*WHAT THIS TASK INVOLVES*. Leaving the pictures aside, return all of the data below exactly.

*DATA SECTION*.
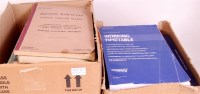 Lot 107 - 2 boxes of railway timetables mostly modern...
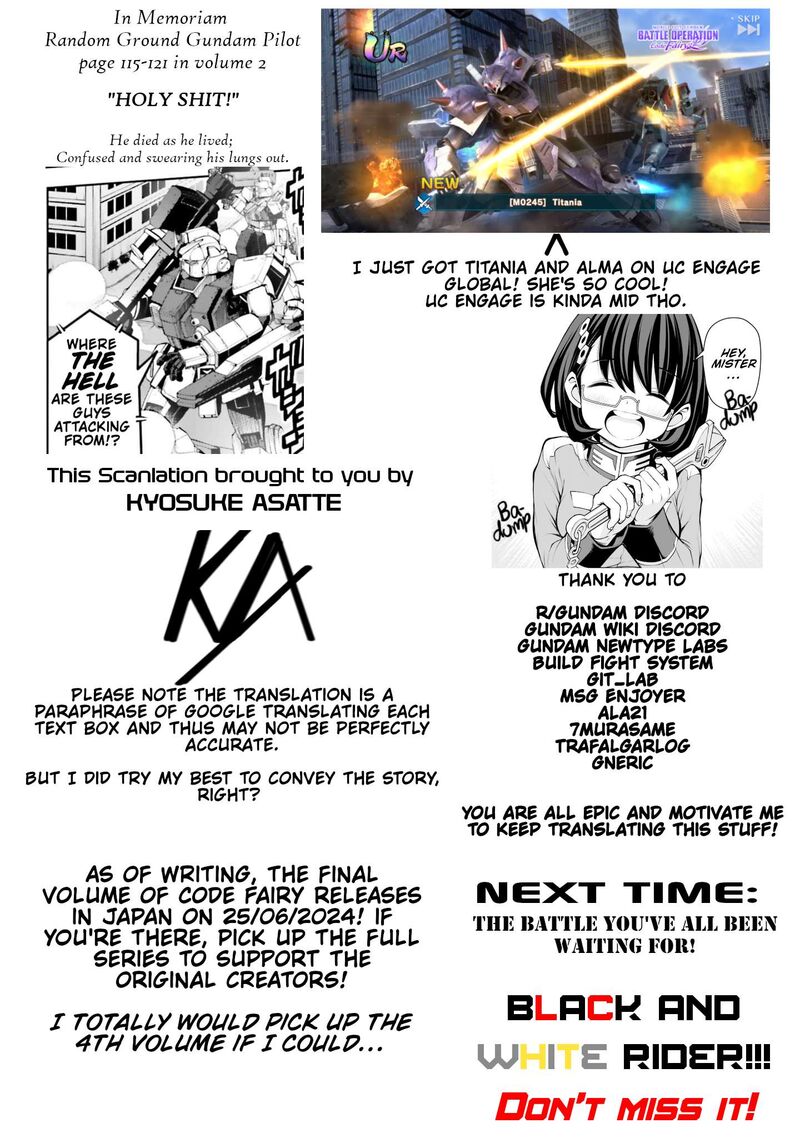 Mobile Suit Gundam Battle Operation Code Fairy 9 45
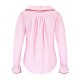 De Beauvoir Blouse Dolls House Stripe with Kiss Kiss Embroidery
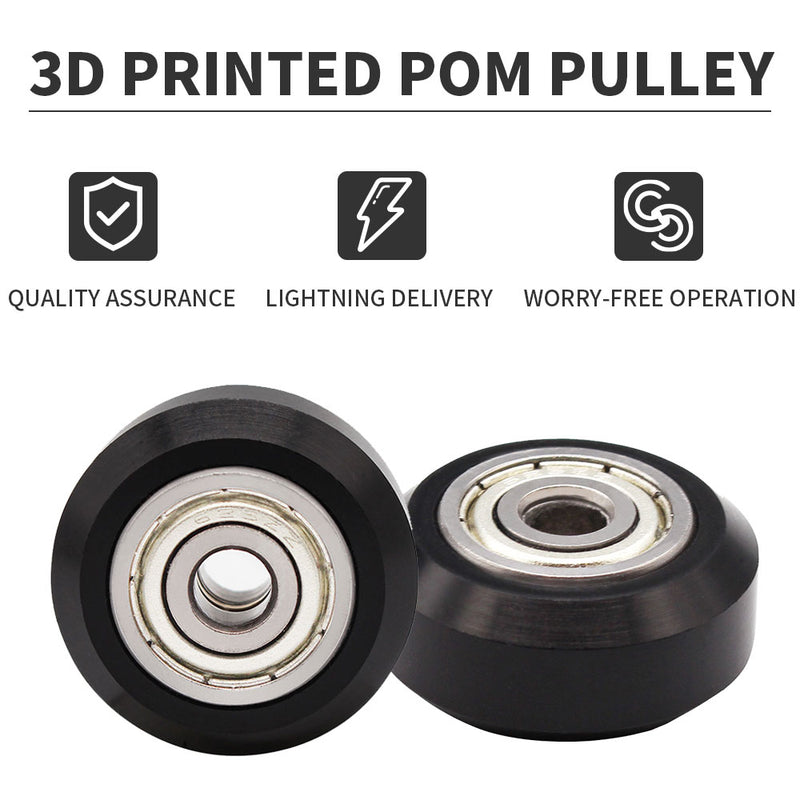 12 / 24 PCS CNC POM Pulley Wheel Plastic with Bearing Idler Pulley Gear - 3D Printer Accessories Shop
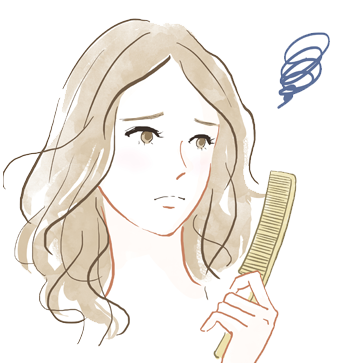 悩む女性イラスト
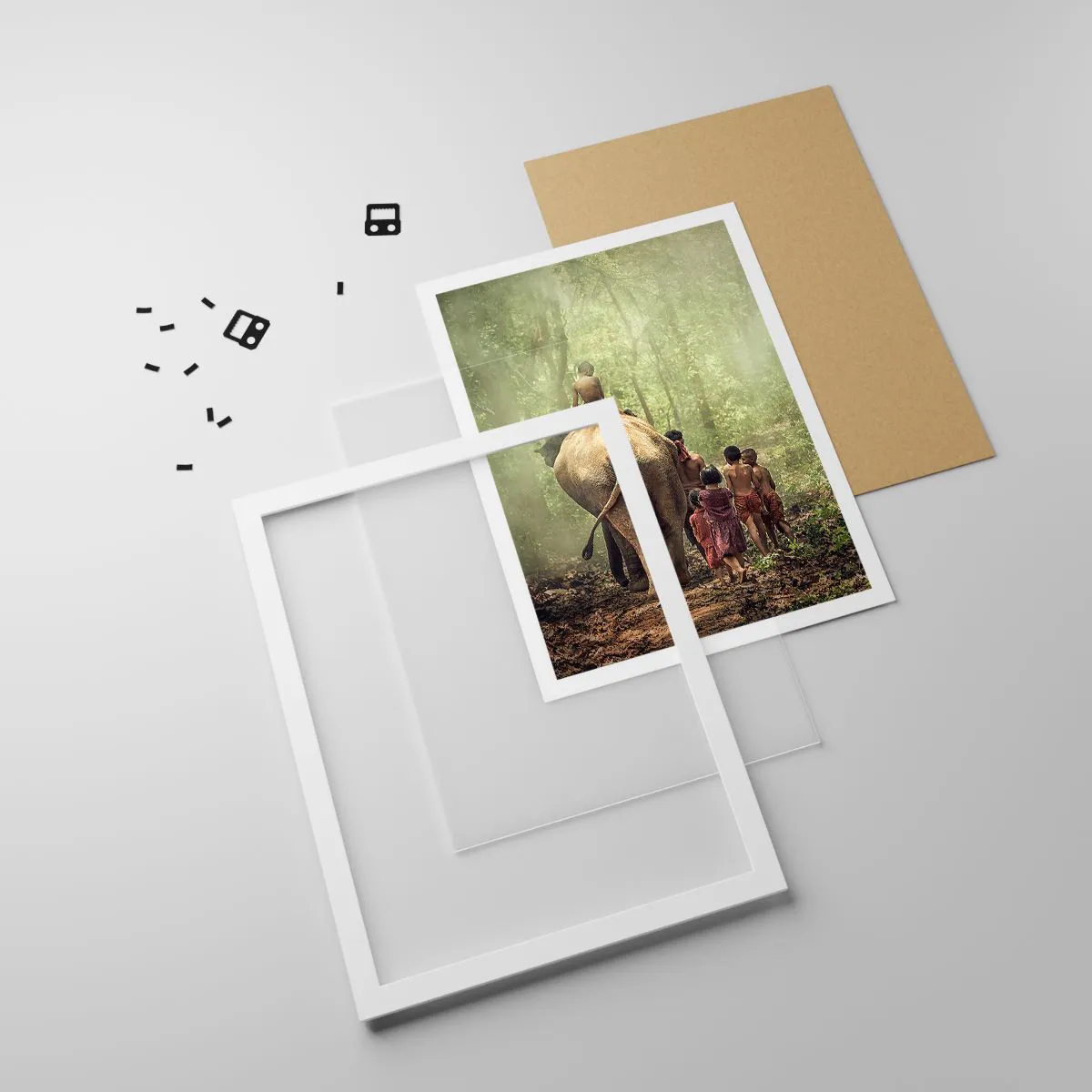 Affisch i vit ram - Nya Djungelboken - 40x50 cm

*RESULT OF THE EXERCISE*.
 Lot 107 - 2 boxes of railway timetables mostly modern...
 Mobile Suit Gundam Battle Operation Code Fairy 9 45
 De Beauvoir Blouse Dolls House Stripe with Kiss Kiss Embroidery
 12 / 24 PCS CNC POM Pulley Wheel Plastic with Bearing Idler Pulley Gear - 3D Printer Accessories Shop
 悩む女性イラスト
 Affisch i vit ram - Nya Djungelboken - 40x50 cm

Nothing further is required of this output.